Hi Lubomir,
Whoa.
Ken asked me for a pathway to starting teaching mathematical approaches in
design. That was what I described in that post. I described is a simple
starting path that can easily be implemented. I know that many design
educators already do this, though many design schools do not push it as far
as they might.
The real aim I proposed (in previous posts) is to get to the position that
student designers are taught to mathematically and computer model the
likely dynamic behaviours of outcomes of their designs. Not the behaviour of
the outputs (i.e. their designs themselves) but the behaviours of the
effects their designs have on the real world.
That requires a little more maths than I described, but is easily and
quickly taught in a separate unit to design students with school level
maths. I've suggested it takes less than 20 hours.
It is important to be able to do that. Being able to predict the effects on
the world of what one proposes is a core part of being a professional.
In addition, the same approaches with a little more work give design
students the skills to model the dynamic behaviours of socially and
physically defined factors that shape design solutions. This gives an
ability to identify areas of solution space of best design solutions and
areas of likely failures, particularly for wicked problems.
Best wishes,
Terry
---
Dr Terence Love
PhD(UWA), BA(Hons) Engin. PGCEd, FDRS, AMIMechE, MISI
Director,
Love Services Pty Ltd
PO Box 226, Quinns Rocks
Western Australia 6030
Tel: +61 (0)4 3497 5848
Fax:+61 (0)8 9305 7629
[log in to unmask]
--
-----Original Message-----
From: [log in to unmask]
[mailto:[log in to unmask]] On Behalf Of Lubomir Savov Popov
Sent: Monday, 5 May 2014 1:27 AM
To: PhD-Design - This list is for discussion of PhD studies and related
research in Design
Subject: RE: Ten Thousand Hours for Expertise
Dear Terry,
I probably should have used the Subject "Re: Maths, the language for
everyone, including (fine) artists?" but the discussion about math has moved
to the "10,000 hours..." subject.
After reading a number of examples that you provided in several mails, I
realized that you and me are talking about different things. Sorry for that.

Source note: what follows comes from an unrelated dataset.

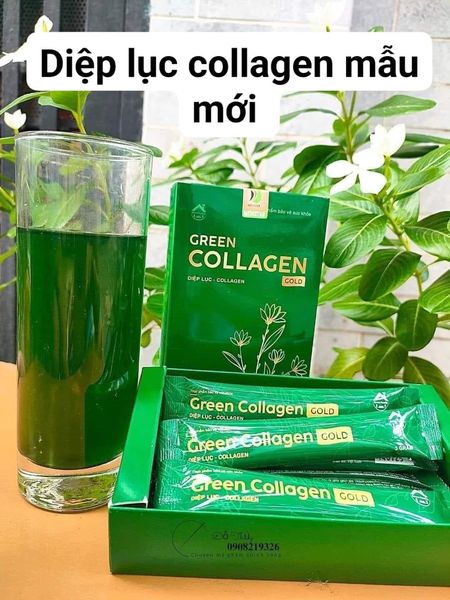 Diệp Lục Collagen Gold Hộp Lớn 30 Gói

I take responsibility for my part. Your initial expressions made me assume
that you believe in the possibility for mathematical modeling of all
phenomena, including sociocultural phenomena. However, your examples are
very different, narrowing the field to arithmetics and simple computational
operations. I don't see here mathematical translation of theories about
complex phenomena. This is OK with me. Considering the examples you provide,
I have no problem with the domain of application. I am doing that staff
since my student years although I have never considering it mathematical
modeling. Calculating proportions, simple operations to calculate the
strength of a heel, and going to more complex calculations to find out the
size of a billboard font are OK with me. These can be done. Most of them
should have been taught in Junior High school. Designers need to know that
staff, I agree.
I was objecting the notion that designers can be taught how to model
mathematically non-stochastic phenomena and outcomes. That was my concern.

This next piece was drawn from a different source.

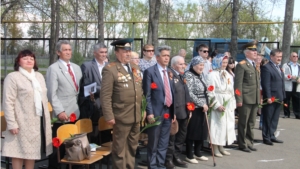 В Шумерлинском районе состоялось открытие мемориальной доски в честь ветерана Великой Отечественной войны, ветерана педагогического труда С.М. Архипова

Currently, even the top scholars in mathematical modeling of sociocultural
phenomena offer us computational products that are reductionist and very
often irrelevant to practice.
Best wishes,
Lubomir
-----Original Message-----
From: PhD-Design - This list is for discussion of PhD studies and related
research in Design [mailto:[log in to unmask]] On Behalf Of Terence
Love
Sent: Sunday, May 04, 2014 12:52 PM
To: [log in to unmask]
Subject: Re: Ten Thousand Hours for Expertise
Dear Ken,
Thank you for your message.
There is a problem in what you ask. When you ask and interpret, you do so
from a particular point of view.
Your questions presume a particular outcome and your comfort at comparing
things with a particular way of proceeding you see as normal. Its better
if I don't answer your five questions and instead try to answer the spirit
of what you were asking.
The reason is the situation is a bit like me proposing someone might like to
try avocadoes and having responses such as: ' Avocadoes are the same colour
as the cabbage I like. Please tell me why I should eat them as they don't
have leaves' or 'Explain exactly how long I should boil the avocado'.
Instead here are sensible suggestions.
Simple arithmetic is simplistic viewed from the level of the school student.
The roles , understanding and usefulness of 'simple' arithmetical
operations becomes much more powerful as mathematical understanding
increases. This is much the same, but very different to, the way the same
words might be used to make a simple children's story or an advanced
allegorical teaching story. The difference depends on the understanding of
the creator.
As a more practical alternative to that presented in your 5 questions, I'd
suggest incremental inclusion of maths in conventional design courses,
starting with simple arithmetic examples and support in 1st year and
building mathematical conceptual richness and skill over the program, whilst
using an operationally -limited palette of mathematical concepts.
Probably the easiest starting point is simple proportions and ratios.
An example: What size typeface does a headline of a billboard have to be to
be read at 150 metres? (ratios from on-screen eye reading distance to 150
metres)
Second example: For largest percentile of individuals, how much stronger
does the heel counter of a shoe have to be relative to the anthropometric
norm? (ratios of leverage due to different scale of bones (1:1) and muscles
(square law))
Simple use of proportions can become quite complex.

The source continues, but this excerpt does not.